The driver’s left hand is used to operate a joystick–type controller for acceleration and braking. This has a “T” shaped handle which, when released, is sprung to return back to the full emergency brake position with its top bar in a fore/aft alignment.
The TBC is made active by a key–operated switch. To move, the driver turns the TBC handle clockwise to a left/right alignment and moves it forward past the midway “Coast” position applying power. At the required speed the TBC is held in the “Coast” position. To brake the TBC is drawn back from the midway position. If the TBC is allowed back past the slight detent which marks normal service braking, the emergency brake is applied; this is the driver’s safety device.

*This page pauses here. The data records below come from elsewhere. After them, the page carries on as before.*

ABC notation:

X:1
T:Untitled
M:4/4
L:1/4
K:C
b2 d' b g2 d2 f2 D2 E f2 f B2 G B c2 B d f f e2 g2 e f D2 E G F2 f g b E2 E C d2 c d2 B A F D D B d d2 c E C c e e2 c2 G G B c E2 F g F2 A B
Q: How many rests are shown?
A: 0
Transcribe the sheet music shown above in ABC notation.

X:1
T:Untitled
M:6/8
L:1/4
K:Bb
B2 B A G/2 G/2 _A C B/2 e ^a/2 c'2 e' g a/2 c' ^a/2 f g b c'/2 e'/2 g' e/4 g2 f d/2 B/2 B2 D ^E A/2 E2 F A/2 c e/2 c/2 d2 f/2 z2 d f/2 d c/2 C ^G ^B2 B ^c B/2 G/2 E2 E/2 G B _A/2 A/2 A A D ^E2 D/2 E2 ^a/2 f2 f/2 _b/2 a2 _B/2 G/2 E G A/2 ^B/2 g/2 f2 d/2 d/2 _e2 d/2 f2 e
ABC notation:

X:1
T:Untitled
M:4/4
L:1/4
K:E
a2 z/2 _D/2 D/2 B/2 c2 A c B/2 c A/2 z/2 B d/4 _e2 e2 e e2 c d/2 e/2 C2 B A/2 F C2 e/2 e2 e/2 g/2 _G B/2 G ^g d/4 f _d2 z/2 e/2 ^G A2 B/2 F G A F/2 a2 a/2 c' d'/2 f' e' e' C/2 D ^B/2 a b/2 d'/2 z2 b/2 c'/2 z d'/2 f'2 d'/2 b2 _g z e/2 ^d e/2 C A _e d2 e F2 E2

A thumb operated button on the TBC sounds the horn.
The braking system is fully–blended, using regenerative/rheostatic electric brakes on the motored bogies and pneumatic brakes on all bogies. Energy which the line cannot absorb is dissipated from naturally–cooled resistors mounted on the roof of the tram. Electric track–brakes fitted to all bogies provide a significant additional braking force under emergency conditions, allowing the tram to operate safely with normal road traffic. Emergency braking is applied by pulling the Traction Brake Controller one notch beyond the service brake position. On phase 2 units, and modified phase 1 units, the emergency brake system consists of both air brakes and the electromagnetic track brakes. It can be released and reapplied as required.
Unmodified phase 1 tram couplers are fixed, phase 2 and modified phase 1 tram couplers are retractable. Extension and retraction — using a scissors’ mechanism — is pneumatically operated. It is controlled by push button in the cab and includes a locking mechanism in both the extended and retracted positions. Manual operation of the auto coupler is possible by use of a steel bar housed on the scissors arm. The coupler head consists of the mechanical connection, a pneumatic air line valve and an electrical head containing 130 contacts protected by a retractable cover. Retracted couplers are covered by front fairings.
On the phase 2 and modified phase 1 trams all three bogies are fully covered with protective side panels/skirts. This and the retractable auto couplers are required as the Eccles route is almost entirely at street level and beyond Broadway will share the carriageway with other road users
From the start phase 2 trams had their external doors coloured contrasted — both inside and out — to make them more visible. Note that after mid–life refurbishment, the phase 1 tram doors are also colour contrasted on the outside.